What you need to do: Print out the data that follows exactly, character for character, apart from the pictures.

*** Records provided Section Begins ***

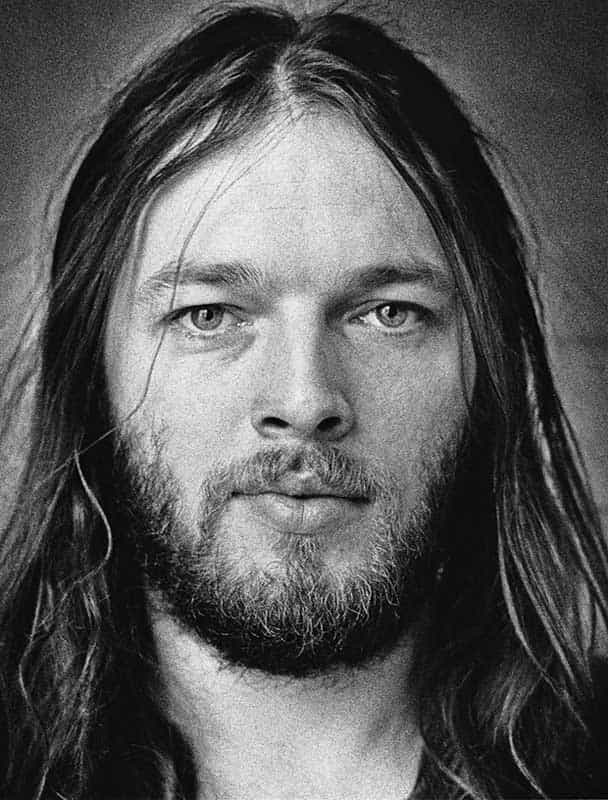 David Gilmour portrait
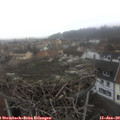 12_05-nest.jpg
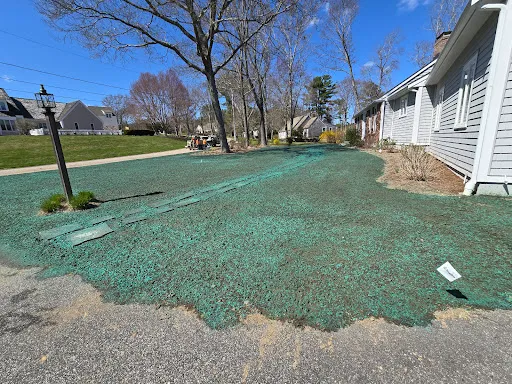 Review photo by S C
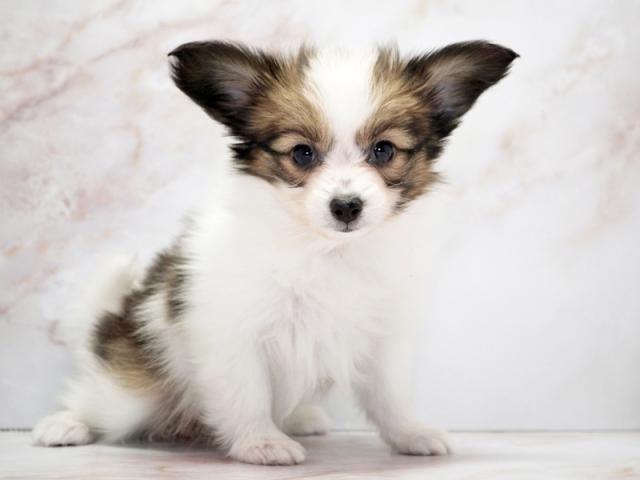 ����ͥ���2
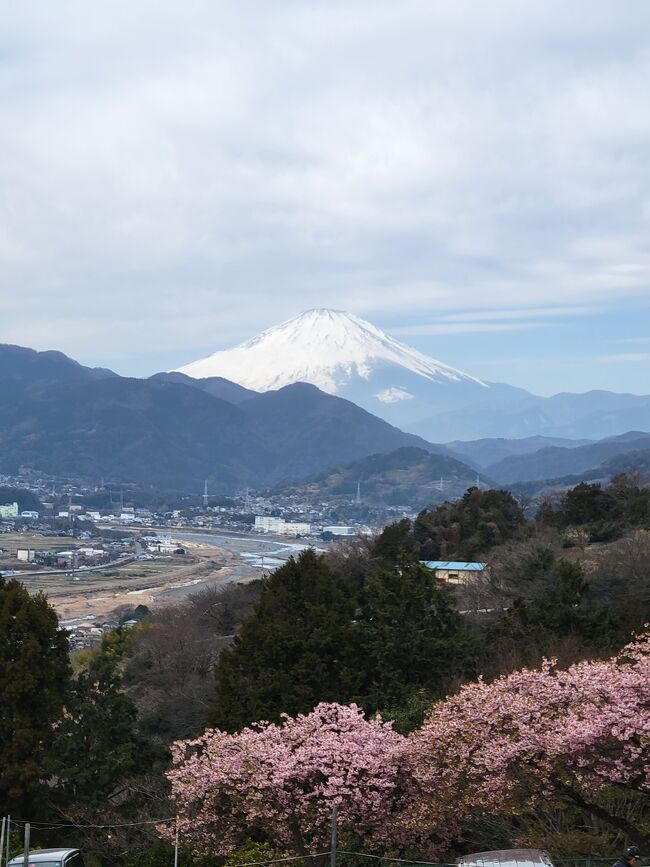 近くで梅と桜が見られそうなので訪れてみました。<br />小田急小田原線の新松田から徒歩でJR松田駅に移動。<br />JR御殿場線で下曽我駅下車　<br />曽我は辺り一面梅の木でした。<br />梅祭りは終わっていたので人はいませんでしたがこんなに沢山の梅の木があるのに驚きました。梅が特産品なのですね。<br />再び御殿場線で松田に戻り徒歩で松田山ハーブガーデンへ。<br />こちらは斜面にある河津桜と菜の花が満開。富士山と一緒に写真が撮れます。山の中腹なので大島が遥か先に見えます。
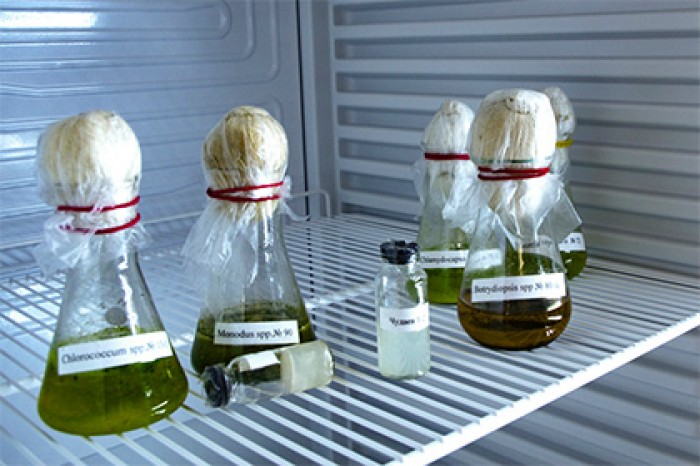 В МГУ заработал поисковик всего живого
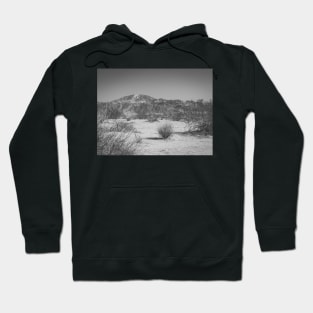 Photo of Western Wagon with Flowers arrangement V4 Hoodie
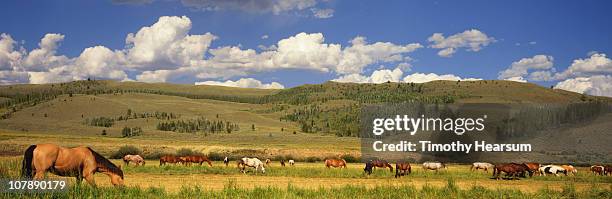 horses grazing in pasture with hills beyond - horse grazing stock pictures, royalty-free photos & images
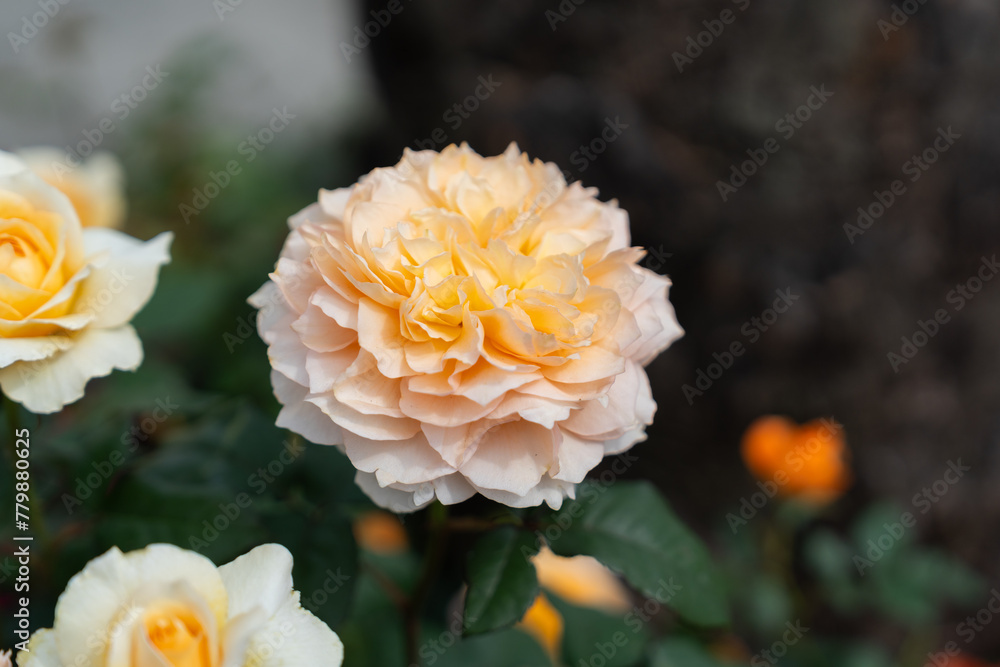 Rose Rose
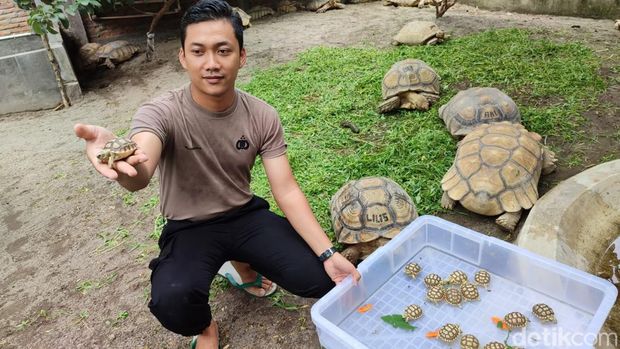 Kura-kura Sulcata peliharaan Briptu Janu di Desa Muruh, Kecamatan Gantiwarno, Klaten. Foto diunggah Selasa (27/2/2024).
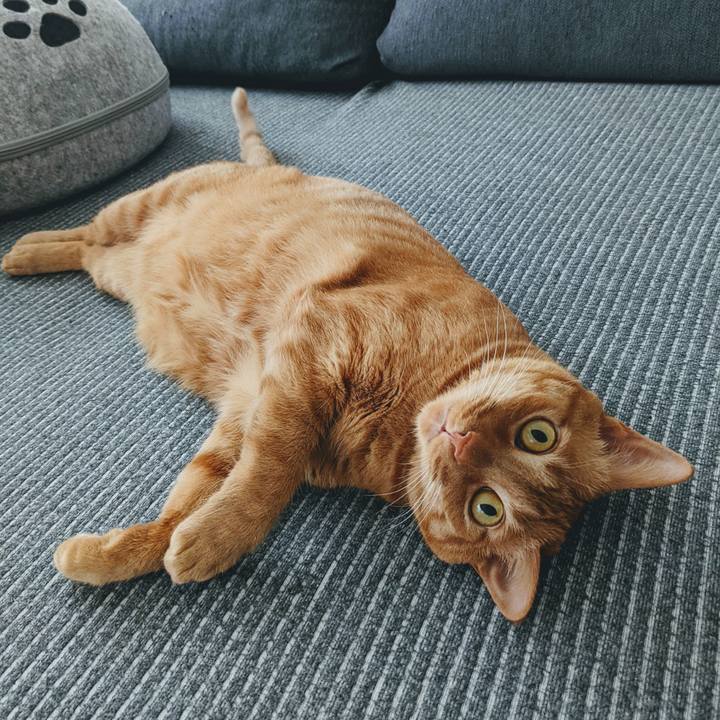 20a714c1 8ff3 4a62 be5b a5ce2ddef6dd 1651310444987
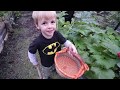 Grow Baby Grow VLOG Roots And Refuge Farm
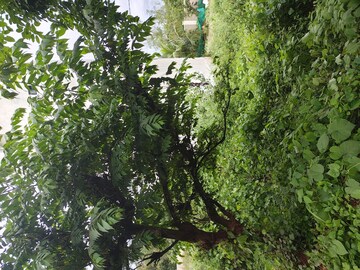  Plot For Sale in Nagegowdanapalya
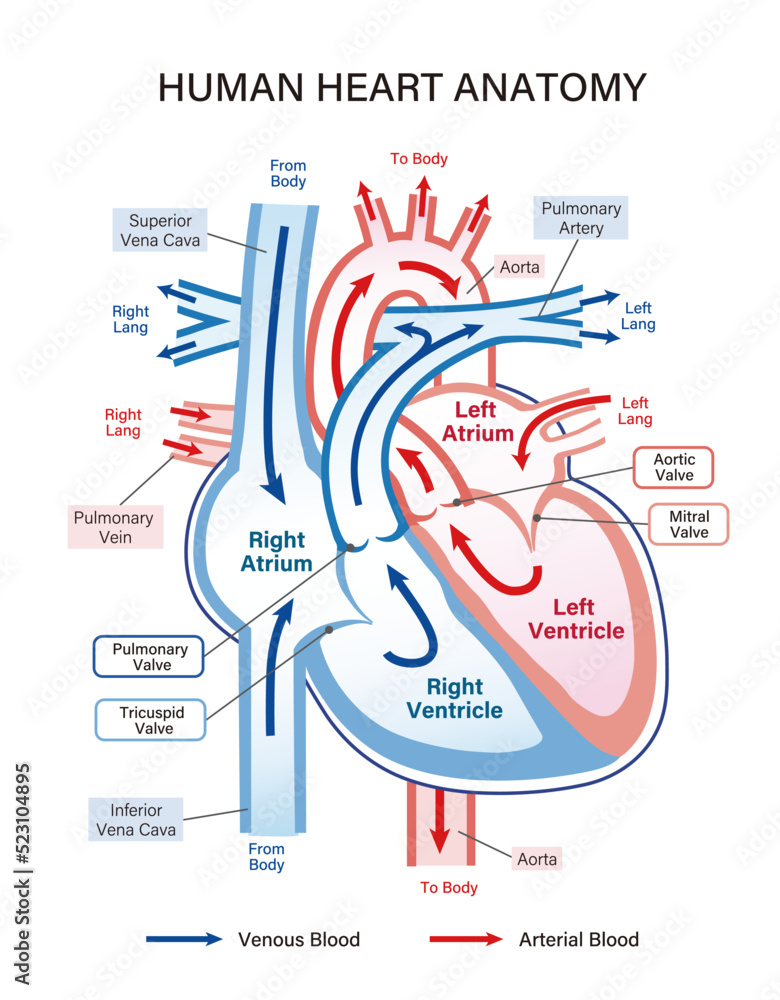 Human heart anatomy with blood flow and valve explanation. Simple and ...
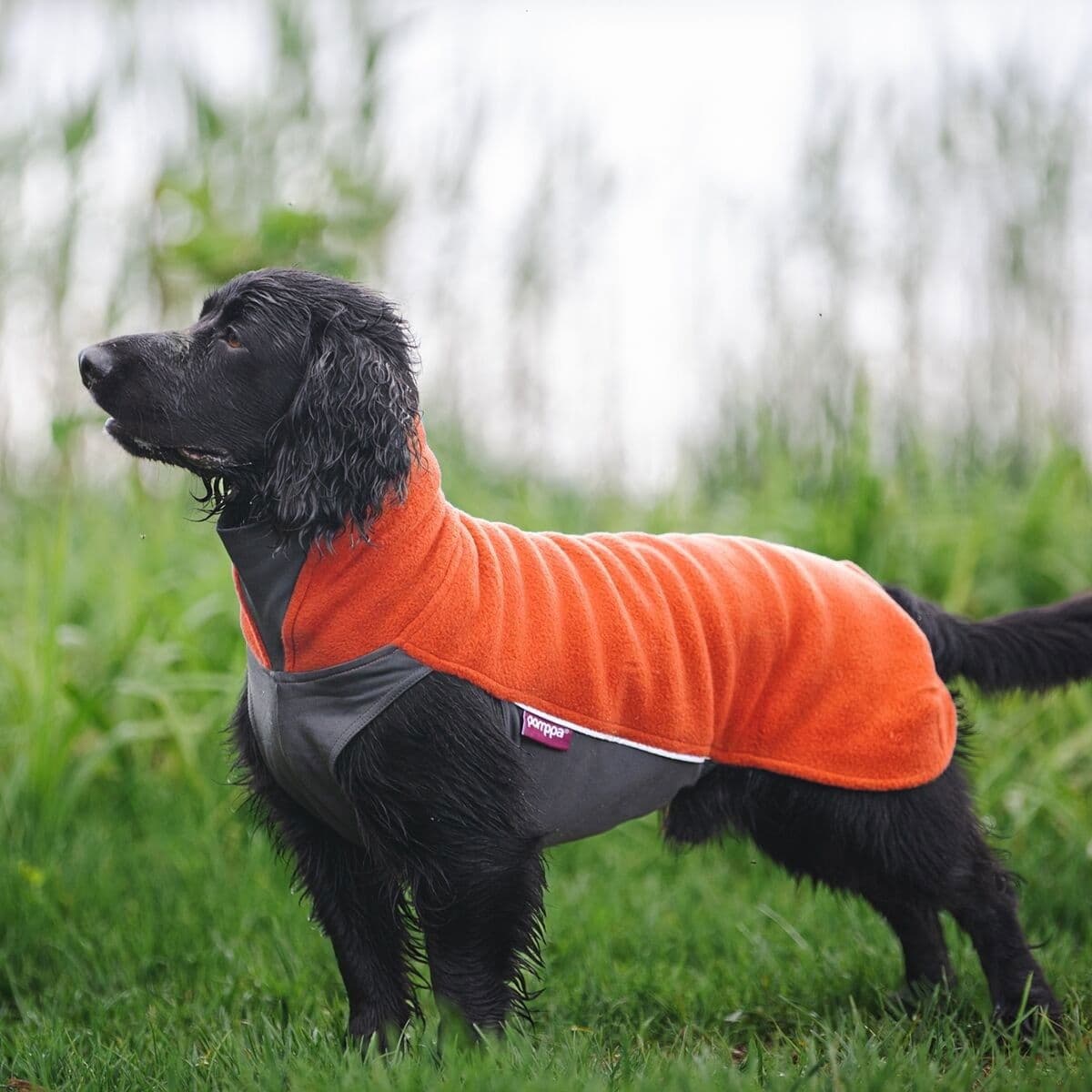 JumppaPomppa Habanero – Pomppa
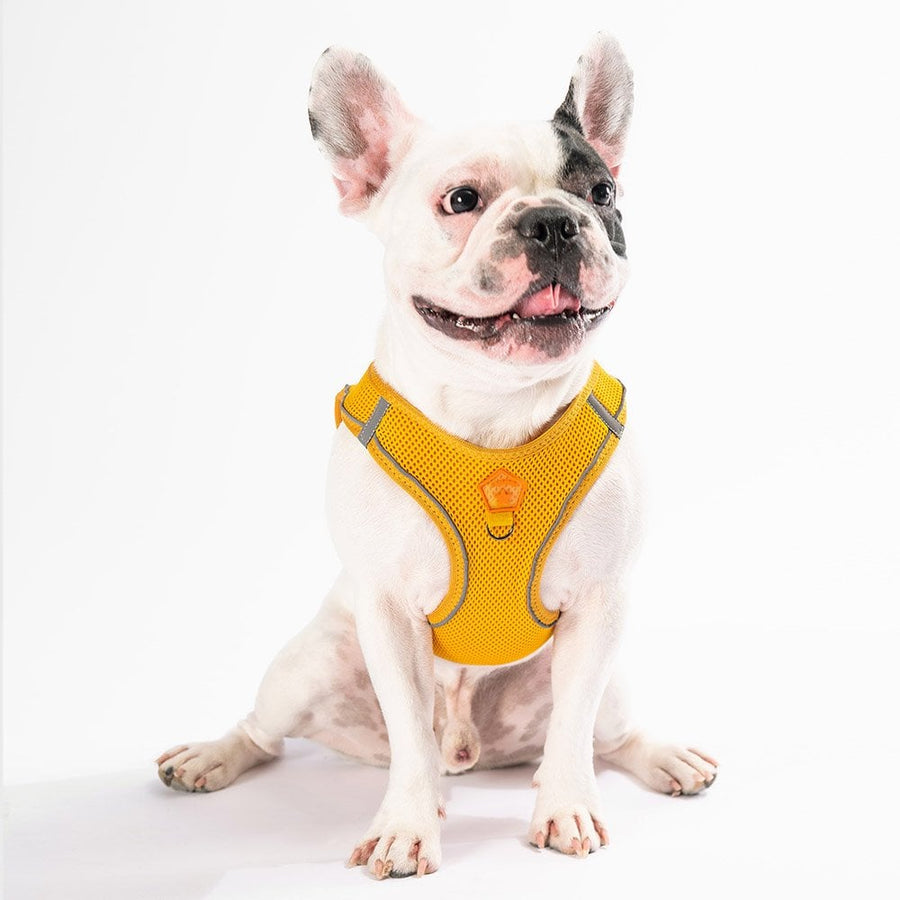 Gold Airmesh Dog Harness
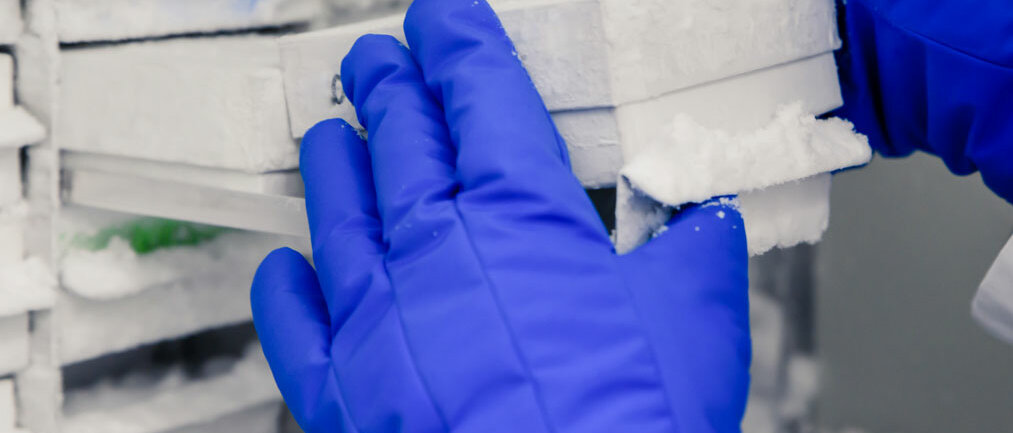 Eine Person in Schutzausrüstung nimmt eine Box mit Glasampullen aus einem Tiefkühlschrank.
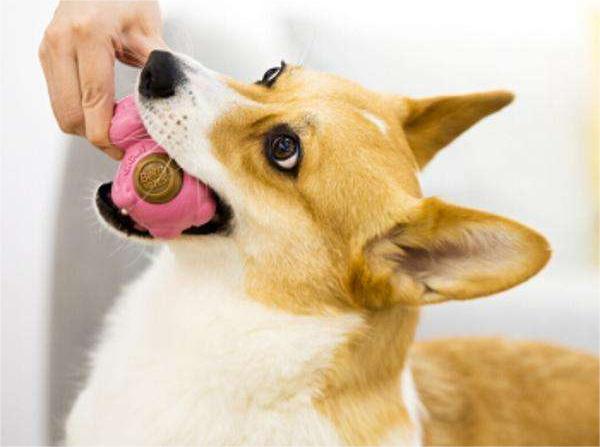 Understand the behavior of pet play from pet toys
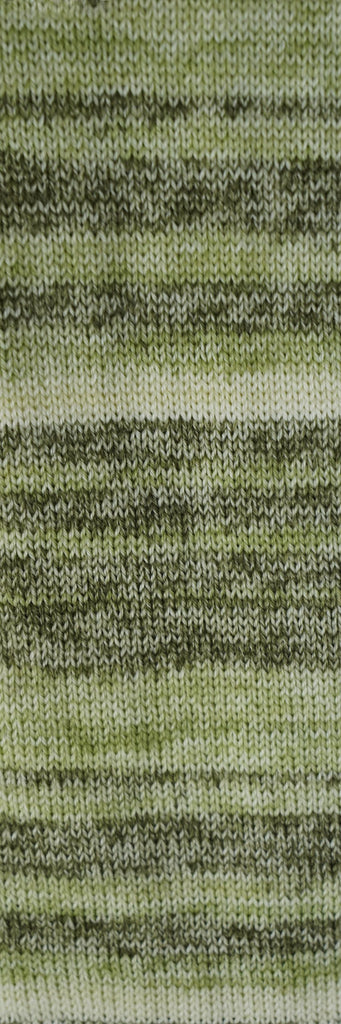 CASCADE Heritage Prints Sock Yarn Self Striping - 107 - Fern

*** Records provided Section Ends ***

Result of the task:
 David Gilmour portrait
 12_05-nest.jpg
 Review photo by S C
 ����ͥ���2
 近くで梅と桜が見られそうなので訪れてみました。<br />小田急小田原線の新松田から徒歩でJR松田駅に移動。<br />JR御殿場線で下曽我駅下車　<br />曽我は辺り一面梅の木でした。<br />梅祭りは終わっていたので人はいませんでしたがこんなに沢山の梅の木があるのに驚きました。梅が特産品なのですね。<br />再び御殿場線で松田に戻り徒歩で松田山ハーブガーデンへ。<br />こちらは斜面にある河津桜と菜の花が満開。富士山と一緒に写真が撮れます。山の中腹なので大島が遥か先に見えます。
 В МГУ заработал поисковик всего живого
 Photo of Western Wagon with Flowers arrangement V4 Hoodie
 horses grazing in pasture with hills beyond - horse grazing stock pictures, royalty-free photos & images
 Rose Rose
 Kura-kura Sulcata peliharaan Briptu Janu di Desa Muruh, Kecamatan Gantiwarno, Klaten. Foto diunggah Selasa (27/2/2024).
 20a714c1 8ff3 4a62 be5b a5ce2ddef6dd 1651310444987
 Grow Baby Grow VLOG Roots And Refuge Farm
  Plot For Sale in Nagegowdanapalya
 Human heart anatomy with blood flow and valve explanation. Simple and ...
 JumppaPomppa Habanero – Pomppa
 Gold Airmesh Dog Harness
 Eine Person in Schutzausrüstung nimmt eine Box mit Glasampullen aus einem Tiefkühlschrank.
 Understand the behavior of pet play from pet toys
 CASCADE Heritage Prints Sock Yarn Self Striping - 107 - Fern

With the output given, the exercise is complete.